Lightroom on the move – biting the bullet

This post has been a long time in the writing, it’s taken a long time to bite the bullet (previously grasp the nettle) and see just how I could incorporate Lightroom (or web-enabled Lightroom as I shall call it), into my workflow when my main editing and organising activity is centred around using the desktop version of Lightroom – now called Lightroom Classic. Of course, I’ve written about my Workflow using Lightroom on more than one occasion  🙂

There are two use cases I want to consider:

Firstly, getting images from my iPhone into Lightroom and secondly, getting images from my camera (either from the SD-card, by using a USB-C cable, or by WiFi). I want to do this for both cases using web-enabled  Lightroom on my iPad Mini 4 – and if it works, I may then look at getting an iPad Pro (perhaps replacing my ageing MacBook Pro with a folio keyboard and Apple Pencil, etc etc.) – and syncing to Lightroom Classic on my iMac.

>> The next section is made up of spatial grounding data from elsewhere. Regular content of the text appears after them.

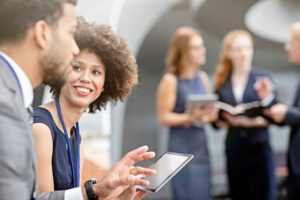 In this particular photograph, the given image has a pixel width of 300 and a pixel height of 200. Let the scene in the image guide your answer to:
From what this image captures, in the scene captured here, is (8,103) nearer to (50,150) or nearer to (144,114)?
(50,150)

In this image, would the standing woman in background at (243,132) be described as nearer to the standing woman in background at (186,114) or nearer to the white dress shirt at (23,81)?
the standing woman in background at (186,114)

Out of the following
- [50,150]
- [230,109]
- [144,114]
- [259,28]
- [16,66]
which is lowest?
[144,114]

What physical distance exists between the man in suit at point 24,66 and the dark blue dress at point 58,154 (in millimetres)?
93

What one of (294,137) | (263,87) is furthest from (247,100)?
(294,137)

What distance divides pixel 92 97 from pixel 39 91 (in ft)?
0.29

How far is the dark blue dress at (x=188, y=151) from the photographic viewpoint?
230 cm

I do want to do a little bit of off-line editing, reviewing and sharing to social media platforms (ie flickr, instagram, blog) of images, but I don’t want syncing of every image to take place as I don’t want to have to invest in more than the 20Gb of cloud storage that Adobe includes in my Photography Plan.

So therefore I would like to back-up the images from the card/camera to an external disk connected to the iPad, and to that end I have determined NOT to format my SD-cards until I’m confident the images on them have been backed-up (as well as the re-organised catalog) on my desktop machine (the iMac) after they have been synced from web-enabled Lightroom to Lightroom Classic when I’ve returned home.

I am not concerned about getting images from Lightroom Classic into web-enabled Lightroom.

The main reason for wanting to do this is weight when travelling; I’d much prefer to carry another lens (or two) on to the plane rather than lug 2kg+++ of MacBook Pro. If I could reduce the weight of computing gear down to something close to the 330gm of my iPad Mini 4, that would be a huge saving and it would reduce the bulk of my carry-on camera bag as well.

I’ve played around with syncing Collections and Albums in the former Lightroom CC without really knowing what I was doing and with ZERO commitment to making it part of my workflow until I came across this article written by Nicole Young which ticked all the boxes and answered a lot of my questions and doubts, and persuaded me, in the first instance – before shelling out the dosh for a new iPad Pro – to try and work out a suitable workflow using my iPad Mini 4 running iPadOS.

So (as in the earlier article) I’m going to follow much of the organisation and structure of Nicole’s article and use a lot of her original text, with my local variations, and a few additions to clarify for myself what it is I’m actually doing, and enable me to remember how I was setting my gear up, and why … sort of documentation for self!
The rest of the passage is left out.